OS PROCESSOS DE NACIONALIDADE PORTUGUESA AUMENTARAM OU ACUMULARAM?
Desde que apresentou a proposta de alteração à Lei da Nacionalidade, em junho de 2025, o Governo português tem defendido que o país enfrenta um afluxo desproporcional de processos, resultado direto — segundo o discurso oficial — do “facilitismo” das reformas anteriores.
No Parlamento, o Ministro da Presidência, António Leitão Amaro, declarou que o número de requerimentos de nacionalidade “disparou”, enquanto os pedidos de filhos de portugueses permaneceram estáveis. A narrativa governamental é simples e politicamente conveniente: a lei teria se tornado permissiva, transformando a nacionalidade portuguesa numa via rápida para o passaporte europeu.
Entre números e narrativa: quando a estatística serve ao argumento político
os dados falam: aumento e paralisia caminham juntos
A realidade revela-se bem mais complexa — e menos confortável para o argumento político.

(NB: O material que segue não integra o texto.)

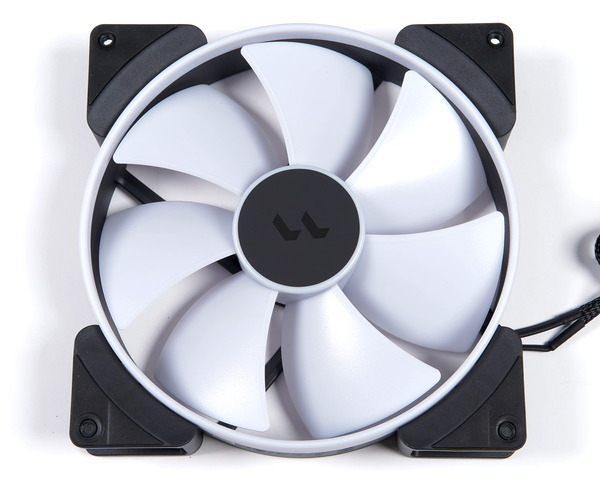 Fractal Design Torrent Nano review_06590_DxO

Os dados oficiais demonstram que os pedidos de nacionalidade efetivamente cresceram, mas também se acumularam de forma alarmante, revelando uma administração asfixiada, incapaz de acompanhar a procura que ela própria estimulou.
Nos últimos dez anos, os pedidos de nacionalidade portuguesa aumentaram 46%, enquanto o acúmulo de processos pendentes cresceu 944% — um contraste que evidencia o desequilíbrio entre a procura social e a resposta administrativa.
Em 2015, registavam-se 194.794 pedidos e 49.361 pendências; já em 2025, apenas no primeiro semestre, foram 121.460 novos pedidos e mais de 515 mil processos em espera.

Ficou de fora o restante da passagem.